Although Paulownia tomentosa (Thunb.) Sieb. & Zucc. was introduced into the United States in about 1845, virtually little is known about other species of this genus in the United States, nor the extent of genetic variation in Paulownia tomentosa, the most northern species in Asia. Since its first introduction, mainly in the southern United States, Paulownia tomentosa is now found growing wild in many parts of the United States, including the western U.S. and even in the northeast as well as in the south. In China, its source of origin, yields of 36 to 53 cubic meters per hectare have been reported. It should be noted that this species is not grown for its biomass alone, but for its use as a quality furniture wood.

Many report this species as a weed tree for its poor form and rather large shade leaves. This is not surprising since there has been very little genetic selection of seed source for its adaptability to given sites, nor selection for form or growth rate. In the last 15 years, studies have been initiated to select from Paulownia tomentosa populations within the United States for improved growth and form. Still, current efforts to produce Paulownia spp. commercially have not been completely successful. In addition to a lack of appropriate plant material (seeds), optimum management techniques have not been applied.

While reviewing forest genetics activities in the People's Republic of China, both natural and planted stands of Paulownia spp. were studied.
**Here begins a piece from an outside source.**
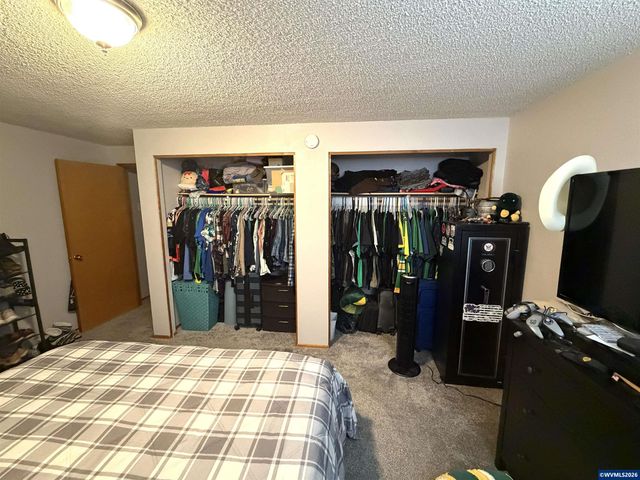 2514 Pine Ln SE, Albany, OR 97322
Currently, seven species and six varieties are commonly recognized. However, the Chinese list nine species of Paulownia. Many of the species tend to be subtropical and are not suitable for the continental United States. In 1986, four provenances each of Paulownia elongate (S.Y. Hu), P. fargessii (Franch), P. fortunei (Seem) Hemsl. and P. tomentosa collected in China were planted near Birmingham, Alabama; Tillman, South Carolina; Morganton, North Carolina; and the Garrett-Allegheny County area of Maryland. These species and provenances were selected as being good candidates for the southern and southeastern United States. On the whole, seedling survival after 2 years has been good with height growth ranging from 0.5 to 8 meters. It is too early to make any conclusion but it does appear that other Paulownia species can be grown in the United States. At 5 years, we will have an opportunity to evaluate form as well as height growth. As a comparison, P. elongate in a park in Peking had a height of 10.6 meters at age 6 while a roadside tree of P. fortunei near Kweilin, Kuangsi, had a height of 20.8 meters at age 11.
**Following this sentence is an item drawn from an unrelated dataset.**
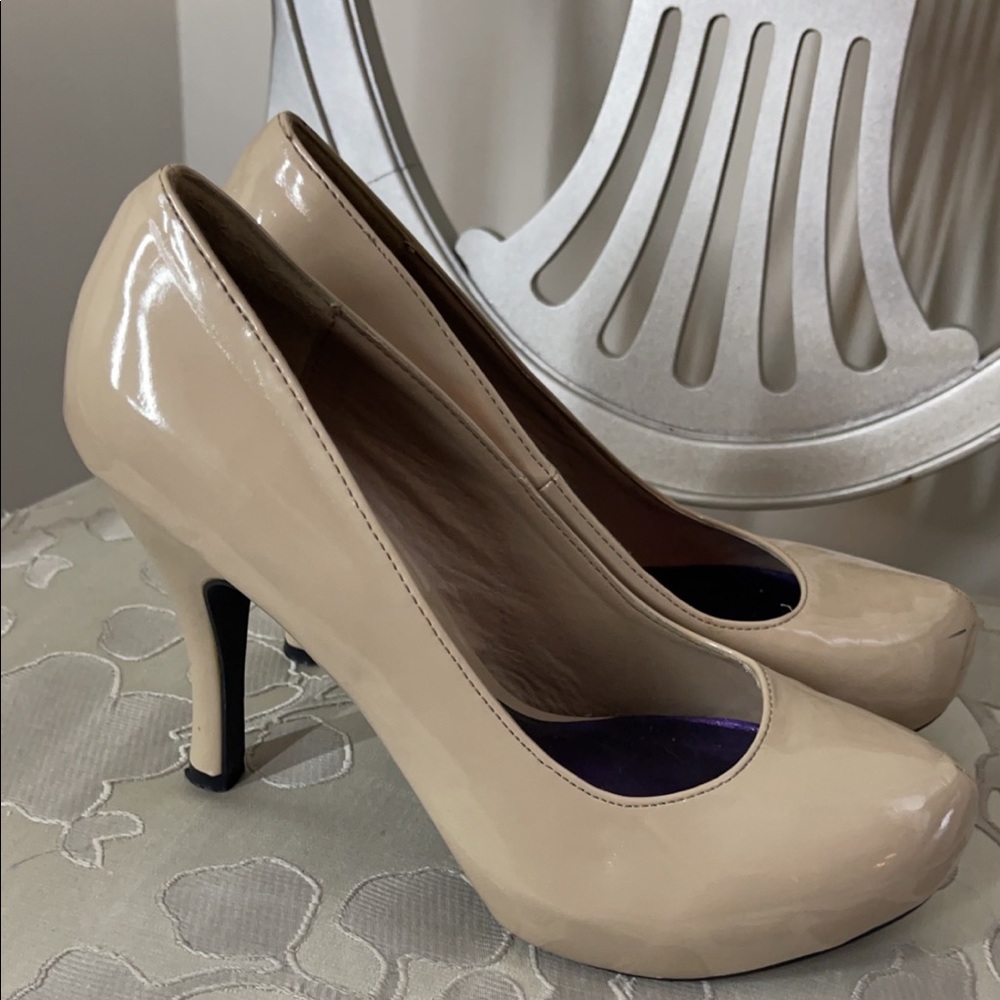 Shi Brand Nude Patent leather Heels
From the experience in China, Paulownia spp. prefer warm climates with 24°C to 30°C being the most favorable. P. tomentosa can withstand temperatures as low as -20°C, and P. elongata -15°C. Both P. fortunei and P. fargessii appear to be less cold hardy than P. elongate. Cold hardiness will need to be further determined under a number of growing conditions. Additional studies will be needed to determine appropriate management techniques for this genus. Yet, its rapid growth, attractive flower, and excellent wood quality make it a genus that needs to be considered for further use in the United States.